### Data excerpts
=-=-=-=-=

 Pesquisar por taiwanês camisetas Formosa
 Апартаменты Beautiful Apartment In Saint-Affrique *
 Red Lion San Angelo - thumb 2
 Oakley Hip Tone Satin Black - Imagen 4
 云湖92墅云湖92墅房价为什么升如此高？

=-=-=-=-=

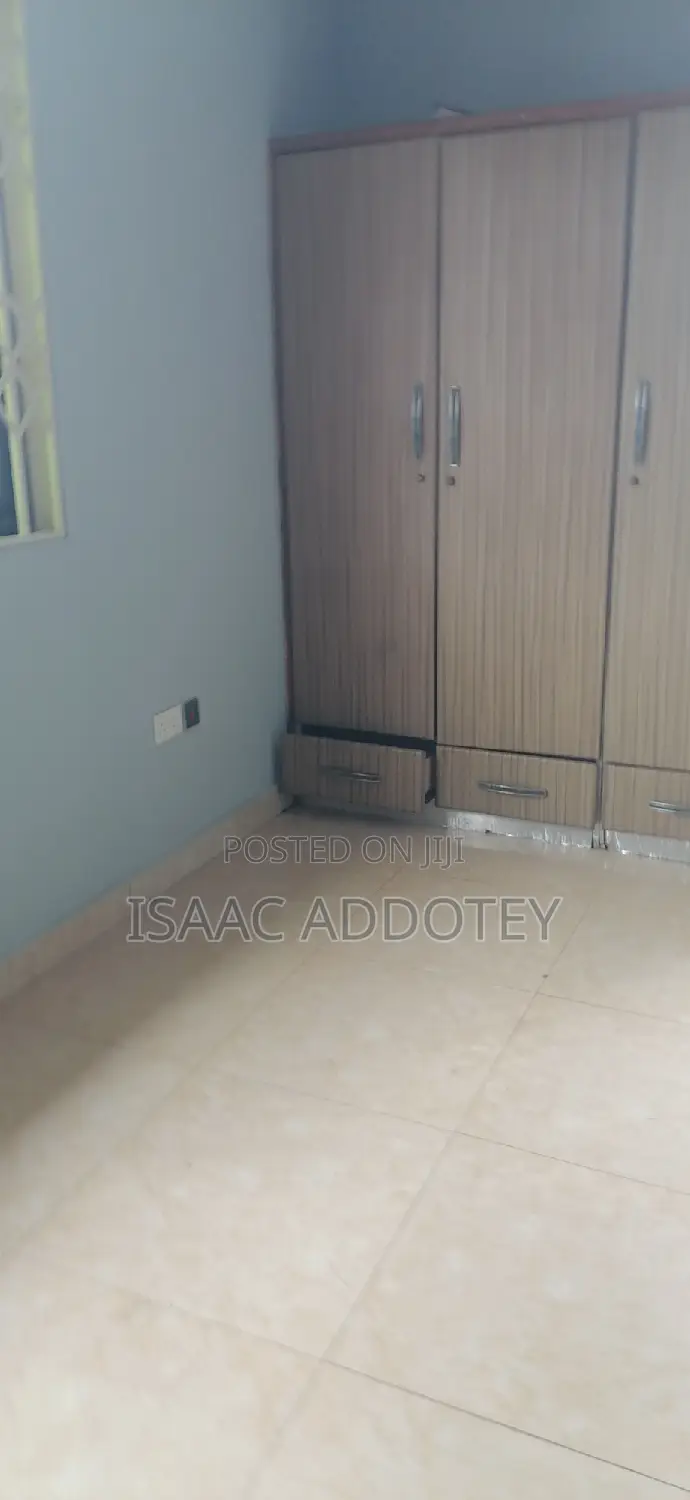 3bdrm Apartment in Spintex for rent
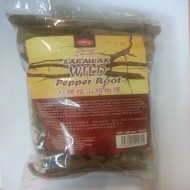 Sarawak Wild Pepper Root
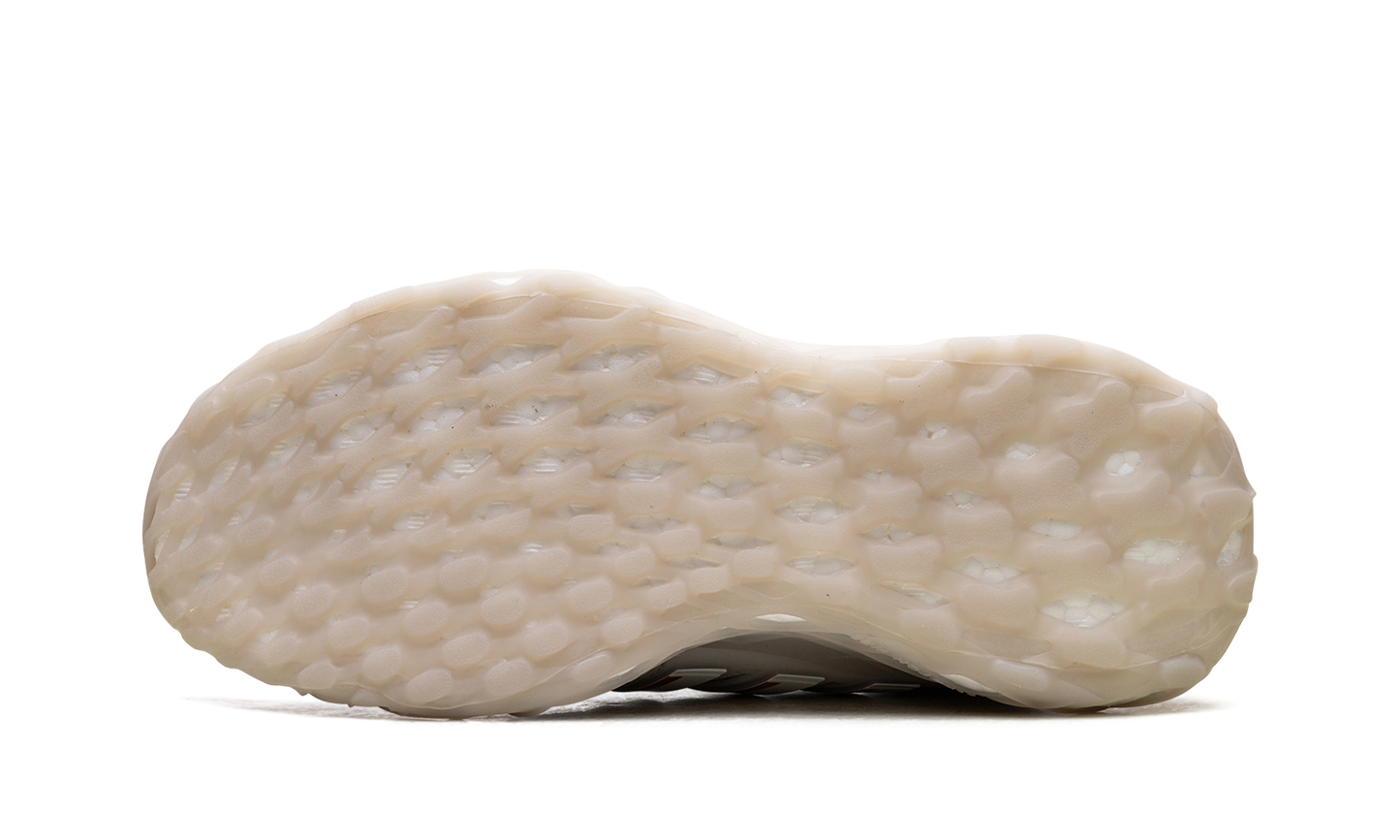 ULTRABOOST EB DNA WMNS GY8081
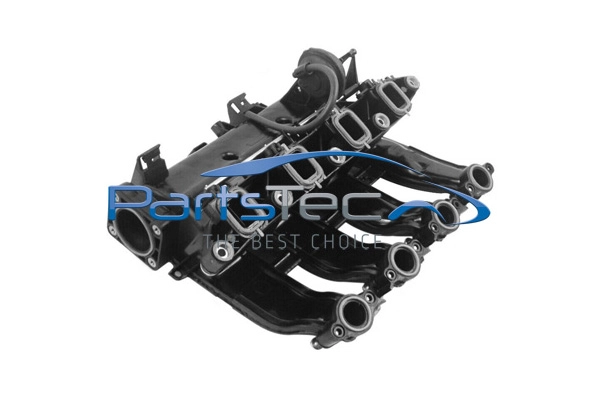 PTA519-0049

=-=-=-=-=

### What you need to do
With the line that has "Red Lion San Angelo - thumb 2" as the first and the line that has "云湖92墅云湖92墅房价为什么升如此高？" as the last, repeat exactly that run of lines above and no more.

### Result of the task
 Red Lion San Angelo - thumb 2
 Oakley Hip Tone Satin Black - Imagen 4
 云湖92墅云湖92墅房价为什么升如此高？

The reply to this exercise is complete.